Es hat die getroffene Vereinbarung unter Berücksichtigung der
aus der notariellen Urkunde erkennbaren Begleitumstände
vertretbar dahin gewürdigt, dass erst die Erklärung eines
Widerspruchs gegen die Laufzeitverlängerung durch die
Klägerin dazu führen sollte, dass die schuldrechtliche
Vereinbarung über die Verlängerung des Erbbaurechts
wieder entfällt.

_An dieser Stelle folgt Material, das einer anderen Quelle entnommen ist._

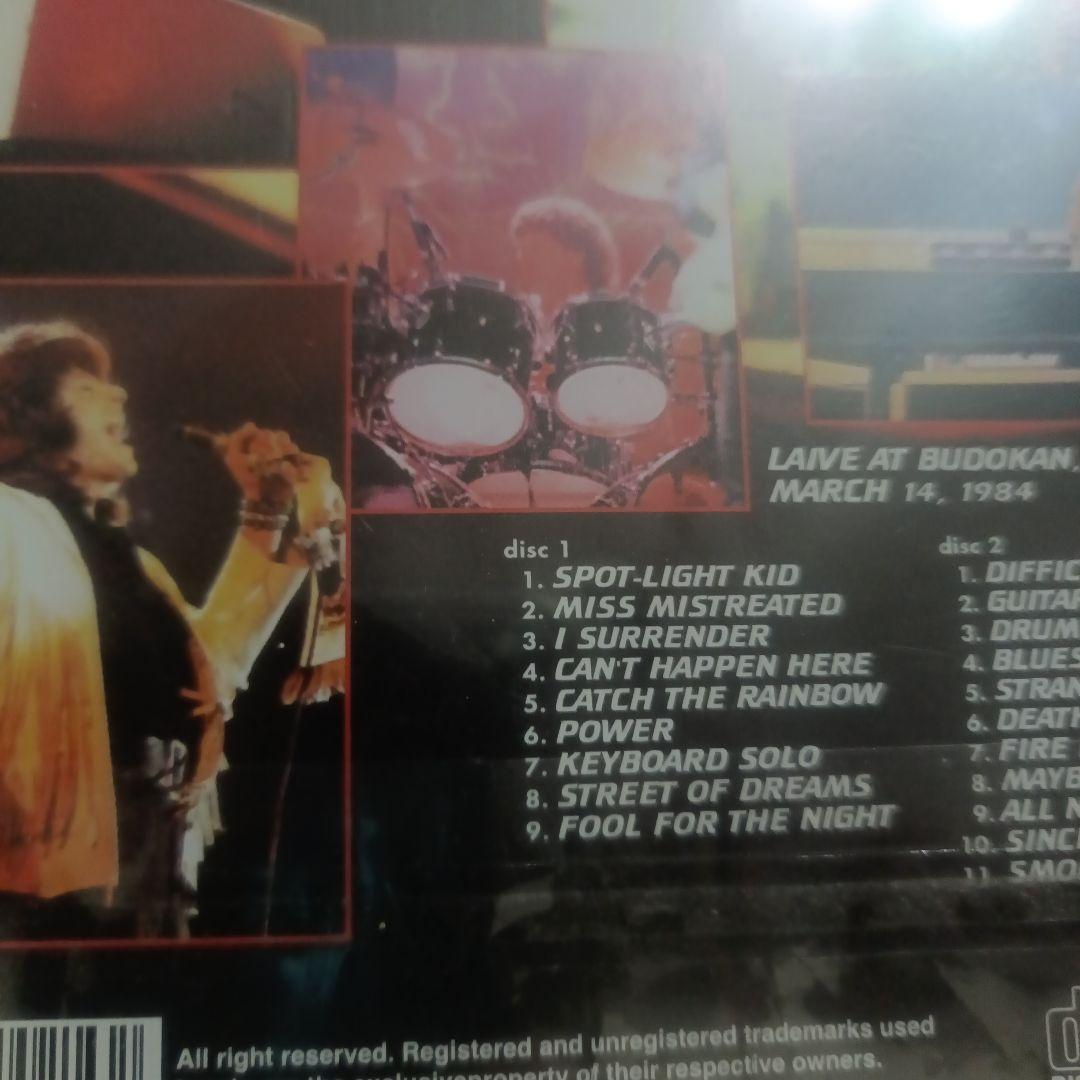 Ritchie Blackmore's Rainbow CD セット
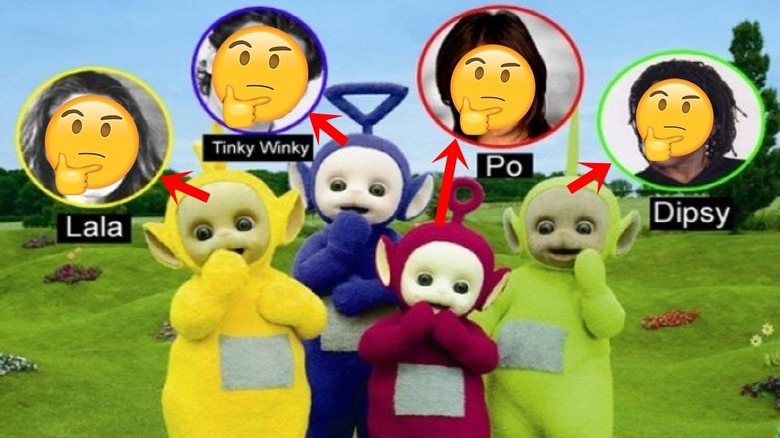 Teletubby cast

Dabei hat es den Auslegungsgrundsatz
beachtet, dass ein Rechtsgeschäft, dessen Wirksamkeit nach der
Vereinbarung der Beteiligten davon abhängt, dass ein
bestimmtes Ereignis - hier in Gestalt eines fristgerechten
Widerspruchs gegen die Laufzeitverlängerung - nicht eintritt,
in der Regel als auflösend und nicht als aufschiebend
bedingtes Rechtsgeschäft anzusehen ist (BFH-Urteil vom
25.02.1972 - III R 16/71, BFHE 105, 498, BStBl II 1972, 664 = SIS 72 03 87). Denn ein derartiges Rechtsgeschäft besteht sofort,
und zwar solange, bis das ungewisse, zukünftige Ereignis
eintritt. Tritt dieses Ereignis nicht ein, ändert sich auch an
dem Bestand des Rechtsgeschäfts nichts.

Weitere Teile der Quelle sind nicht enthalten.